The right of government employees against self-incrimination requires compulsion as a triggering mechanism for immunity against the use/derivative use of their statements in a criminal prosecution.i As with any statement implicating the Fifth Amendment privilege against self-incrimination, statements must also be incriminating and testimonial. 

In Harrison, the plaintiff, a deputy who had been terminated sued the county sheriff’s department from which he had been fired.  Deputy Michael Harrison had become the subject of an investigation into property that had been missing from the sheriff’s department property room.  The internal investigation ran concurrently with a criminal investigation into the missing items.  On three occasions, Deputy Harrison and other officers were called in to give statements to the deputies investigating the thefts.  Prior to each statement Deputy Harrison was afforded his “Garrity rights.”
          
After the three statements, Deputy Harrison was notified that a pre-disciplinary conference would take place.  “At this conference, Plaintiff was given a form explaining his Garrity rights but was informed that no statements were being compelled—he need not say anything.” Harrison’s attorney informed him that since no statements were being compelled, Garrity immunity did not exist.  Deputy Harrison exercised his Fifth Amendment privilege and remained silent.  Following the conference, Deputy Harrison was suspended without pay.  A second conference was held at which time Deputy Harrison again remained silent due to a lack of Garrity protection.  Although the criminal investigation concluded with no criminal charges brought against Harrison, he was terminated.
          
On appeal, Deputy Harrison claimed that his Fifth Amendment right against self-incrimination had been violated by the department’s refusal to provide Garrity protection at every stage of the administrative process.  In its review of the cases, the United States Court of Appeals for the 11th Circuit concluded, “Garrity only prohibits the compulsion of testimony that has not been immunized… In other words, the employee may not be both compelled to testify (or make a statement) and be required to waive his Fifth Amendment privilege…. An ‘employee’s rights are imperiled only by the combined risks of both compelling the employee to answer incriminating questions and compelling the employee to waive immunity from the use of those answers,’” in a criminal prosecution.  “The result of these prohibitions is that a public employee cannot be terminated solely for the exercise of his Fifth Amendment privilege.”  Conversely, a public employee’s statement, compelled under the threat of the loss of their job, cannot be used against that employee in a subsequent criminal trial.

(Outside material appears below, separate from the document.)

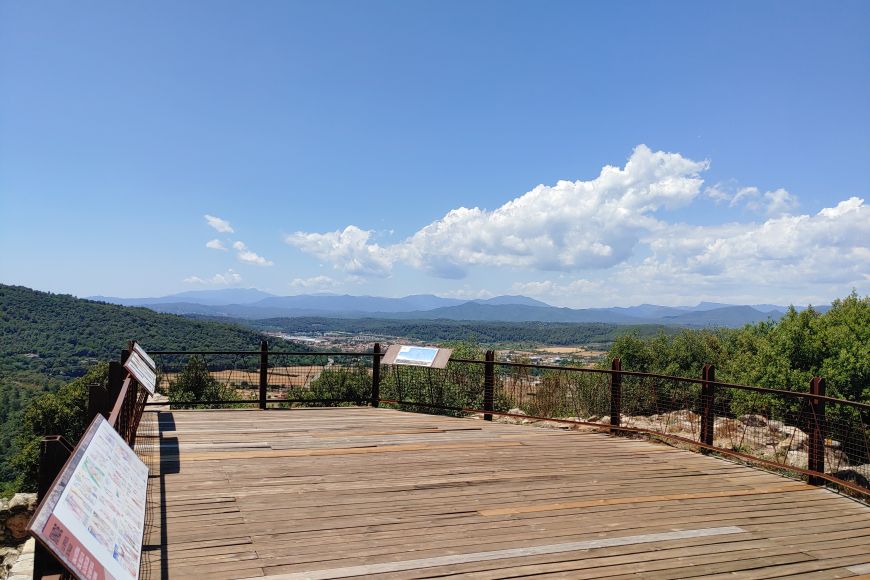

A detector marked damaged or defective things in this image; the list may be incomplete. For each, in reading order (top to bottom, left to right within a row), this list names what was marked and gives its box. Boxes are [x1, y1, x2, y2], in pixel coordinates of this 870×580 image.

rusted metal post [608, 356, 624, 432]
rusted metal post [700, 362, 716, 448]
rusted metal post [808, 376, 828, 484]
rusted metal post [34, 438, 73, 576]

Not Every Consequence of Invoking the Fifth Amendment Privilege is Sufficiently Severe to Amount to Coercion

           A disciplinary action, short of termination may not be viewed as coercion to waive the Fifth Amendment privilege against self-incrimination.ii  In the Chan case, an officer won a judgment against the Chicago Police Department after he was transferred from a prestigious assignment following his refusal to answer questions before a grand jury based upon his Fifth Amendment privilege against self-incrimination.   Prior to his transfer Officer Chan was assigned to the Intelligence Division of the Chicago Police Department and was detailed to a multi-jurisdictional task force on terrorists.  In that assignment, Officer Chan had a take-home car and received significant overtime pay.  He lost these two benefits after his transfer.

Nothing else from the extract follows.